■ Activity
An exact copy of the listing below is required, minus its pictures.

■ Source data
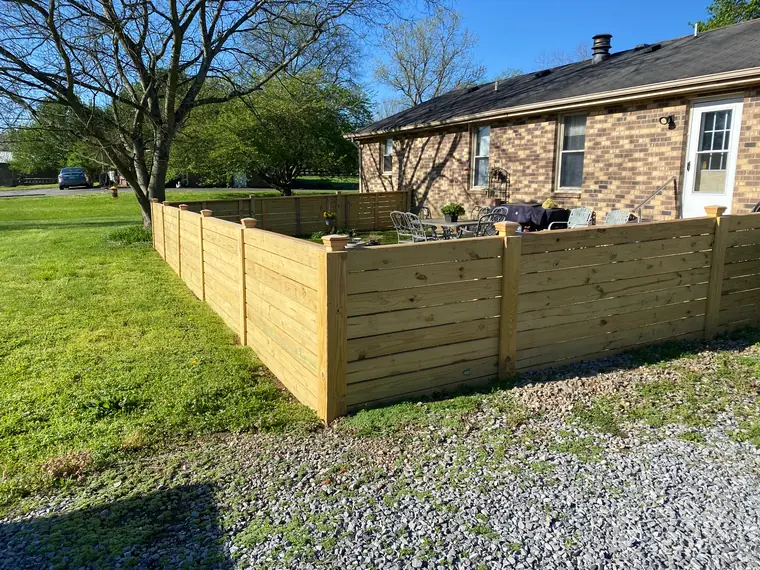 Horizontal board fence around a back yard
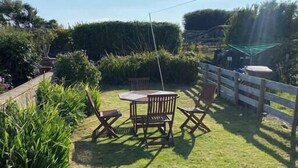A backyard with a wooden table and chairs, surrounded by a wooden fence and lush greenery.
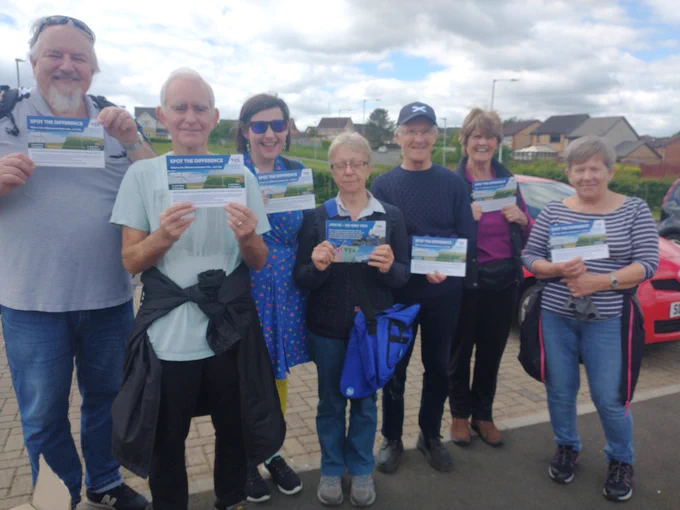 Seven Yes activists holding leaflets and smiling.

■ Answer to the problem
 Horizontal board fence around a back yard
A backyard with a wooden table and chairs, surrounded by a wooden fence and lush greenery.
 Seven Yes activists holding leaflets and smiling.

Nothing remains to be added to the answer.